== Exercise materials
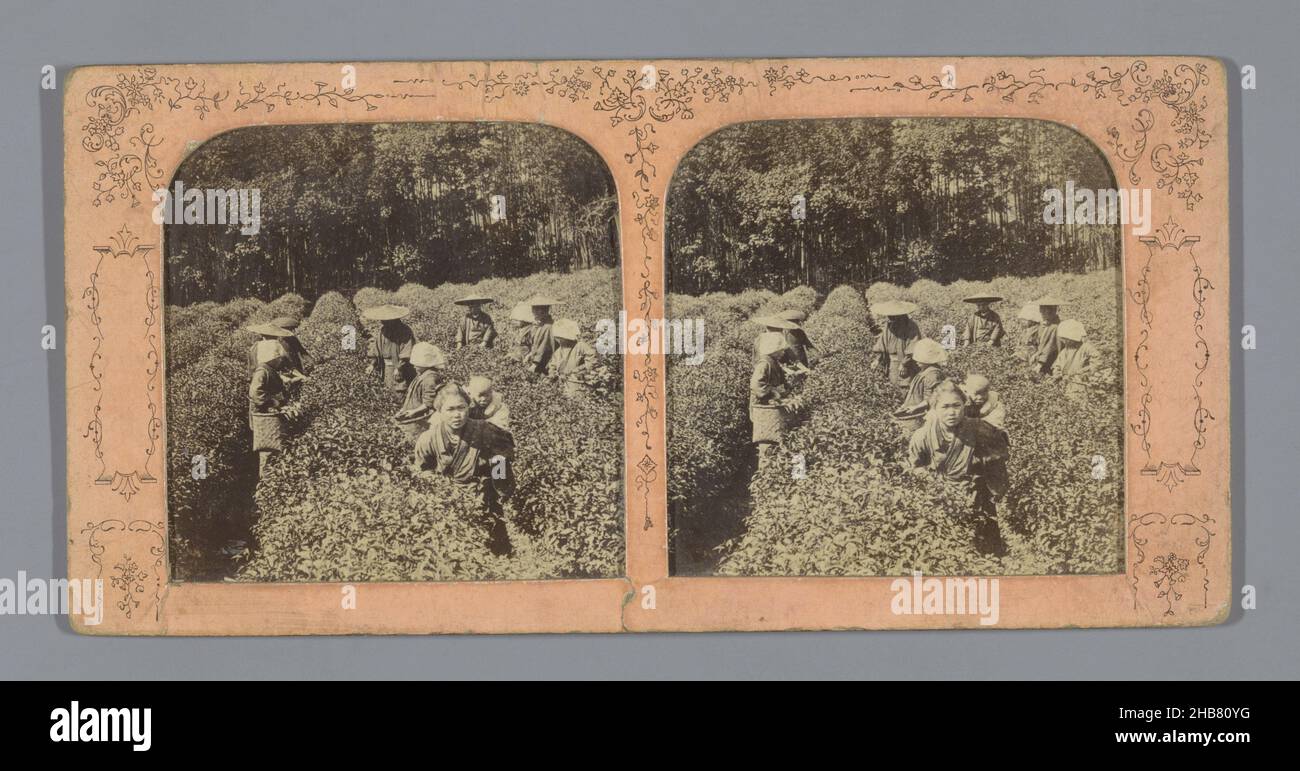 Frauen auf einer Plantage in Südostasien, anonym, Azië, 1865 - 1875, fotografische Unterstützung, Papier, Albumin-Druck, Höhe 88 mm × Breite 179 mm Stockfoto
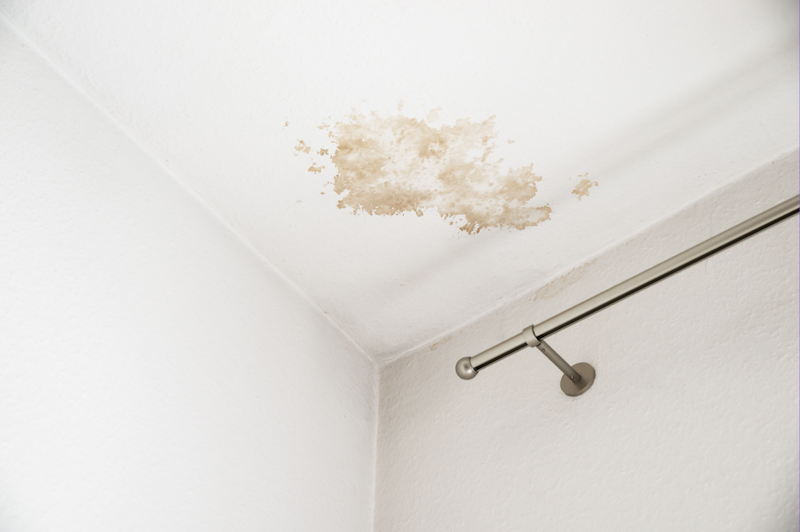 the most common plumbing problems roof leak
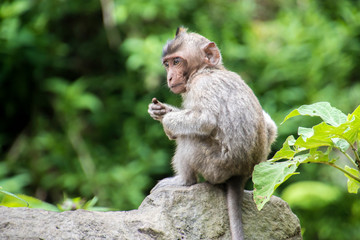 Naklejka na ściany i meble baby monkey sitting on a branch inside a green forest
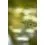 Korum Limitless Feeder 12ft 3.6m/180g/3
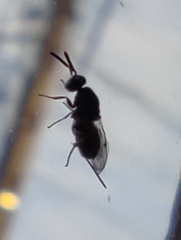 Monodontomerus obscurus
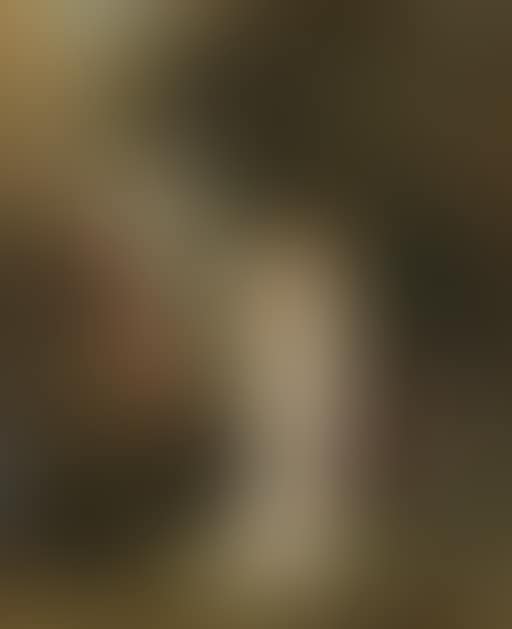 Baigneuses (preview)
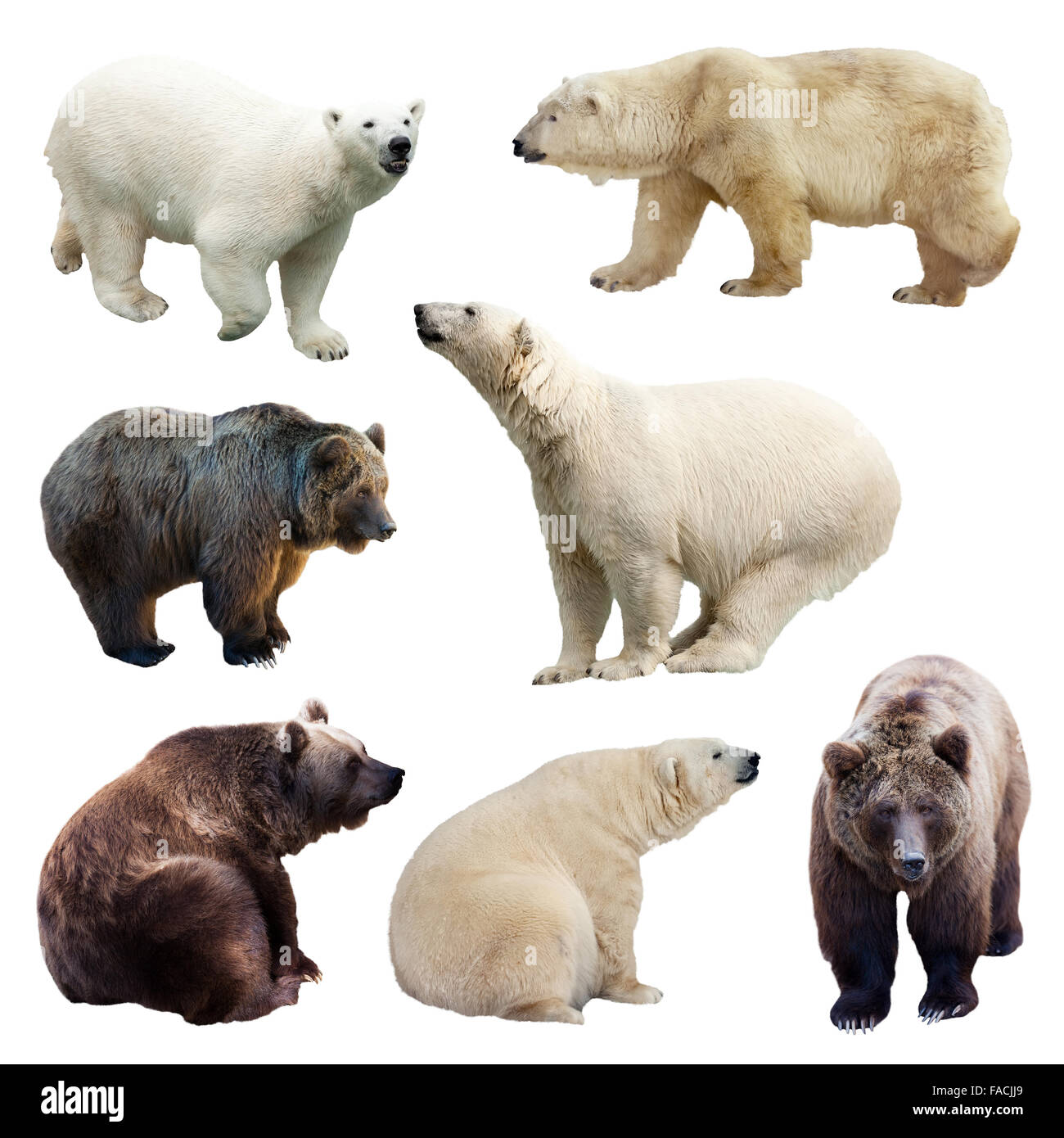 Медведь губач фото. Bear over. Медведь губач. Асадов медвежонок. Медведь с черными кругами вокруг глаз.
====
About this task — Copy the final stretch of the entries exactly: the line containing "the most common plumbing problems roof leak" and every line after it through the last. Include no pictures and nothing more.

Reply to the exercise —
 the most common plumbing problems roof leak
 Naklejka na ściany i meble baby monkey sitting on a branch inside a green forest
 Korum Limitless Feeder 12ft 3.6m/180g/3
 Monodontomerus obscurus
 Baigneuses (preview)
 Медведь губач фото. Bear over. Медведь губач. Асадов медвежонок. Медведь с черными кругами вокруг глаз.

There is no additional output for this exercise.